Should Us Parents “Keep the Meter Running”?

driving the ungrateful teenThis falls into the category of “what would you have done?”, so we can set the stage. Here’s what happened, and here’s how I dealt with it:

Last night my youngest, almost 15, wanted to go to an evening event with her pal, an event that ran 8-10pm. No worries, I knew the group performing and the venue was a church, so I figured it was safe and appropriately wholesome, etc. I had a party invitation for the evening so the timing actually worked out great: I could drop them off, head to my party for a few hours, then pick them up at an agreed upon time in front of the venue.

Seems reasonable, right?

When I dropped them off at about 7.30pm, I said I’d be back at 10pm to get them. My daughter said she wanted to hang out and chat with other people at the event, could I show up a bit later. Okay. We agreed on 10.20, which would be added to the 30 minutes prior to the beginning of the event as a reasonable total amount of social time.

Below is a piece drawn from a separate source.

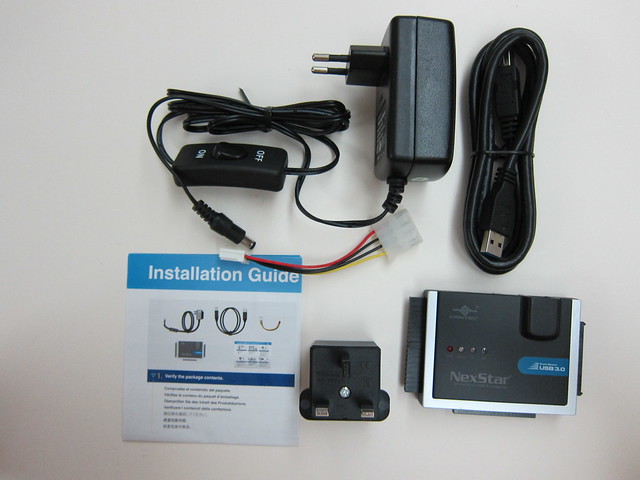 Vantec NexStar SATA/IDE to USB 3.0 Adapter - Package Contents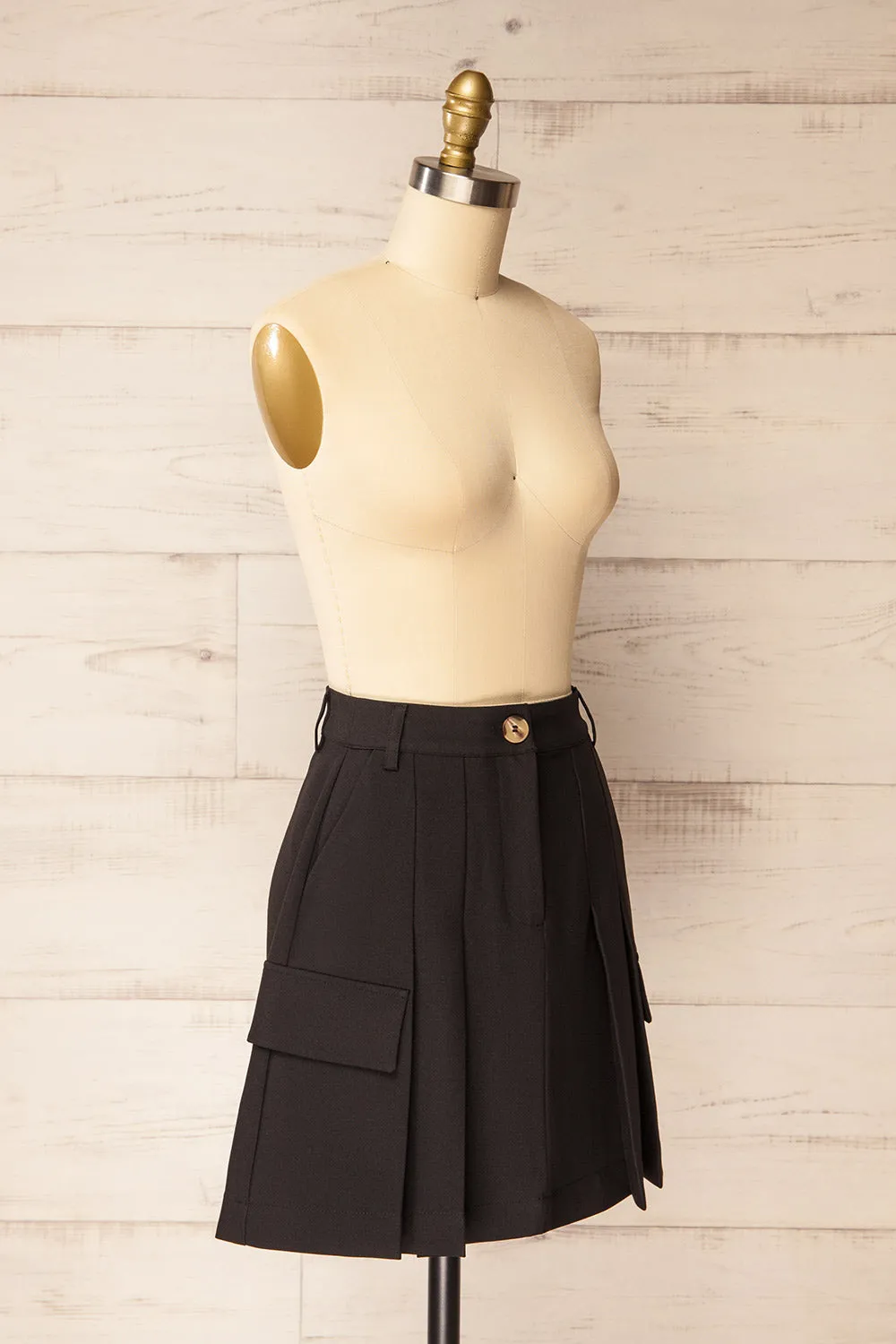 Norco | Short Black Pleated Cargo Skirt sold by Boutique 1861 product image thumbnail 3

Teen parents already know what’s going to happen next, I bet.

I showed up at 10.20 sharp and sat there. And sat there. At 10.30 I had watched lots of people leave the church and head to their vehicles, but there was still no sign of my daughter and her friend.

10.35. Nothing.

10.40 I finally decided to go in and see what was going on, just to find the two of them sitting and not actually interacting with anyone. “Okay, time to go please!” They balked, saying they were waiting to say goodbye to people.

uber driver, waiting for pickup

Instead of just getting cranky – though I was pretty testy at that point – I said that they had five minutes and that 10.45 was the departure time, no negotiating. Rather than show any appreciation, my girl made some snide comment asking me to wait outside rather than in the foyer of the building with them.

Fine. Whatever. I headed out but didn’t get in the car; I felt it was inevitable that I would end up going in again to get them when the designated time rolled around. To my surprise, however, at 10.45 they were walking out as I opened the door to go in and get them.

Here’s the classic teen / most annoying part: No thank you, no appreciation for me sitting there for 30 minutes past our agreed-upon pickup time, just a very overt “silent treatment” from my daughter for the entire ride home, followed by her stomping up into her room and making it very clear she was unhappy.

I think I was not only a kind and flexible parent by waiting far past our agreed-upon time, but that I am owed a thank you for being willing to act as basically the Lyft driver for the evening. And without even getting much of anything in return. I will note that the other girl was polite and did show some gratitude for my being chauffeur for the evening. But my girl? Nothing. Just the cold shoulder.

So, what should I have done when they weren’t ready to leave at our agreed upon time? What should I say/do at this point, or perhaps better, the next time she asks me to drive her somewhere in a similar situation?

One comment on “Should Us Parents “Keep the Meter Running”?

  1. I dread these future moments (my daughter is 6, and my oldest is 12). I can’t say how “teenage years” will wear on me, but would a “give and take” scenario work here? Maybe “If you’re late, the response is whatever”? Good luck, Dave.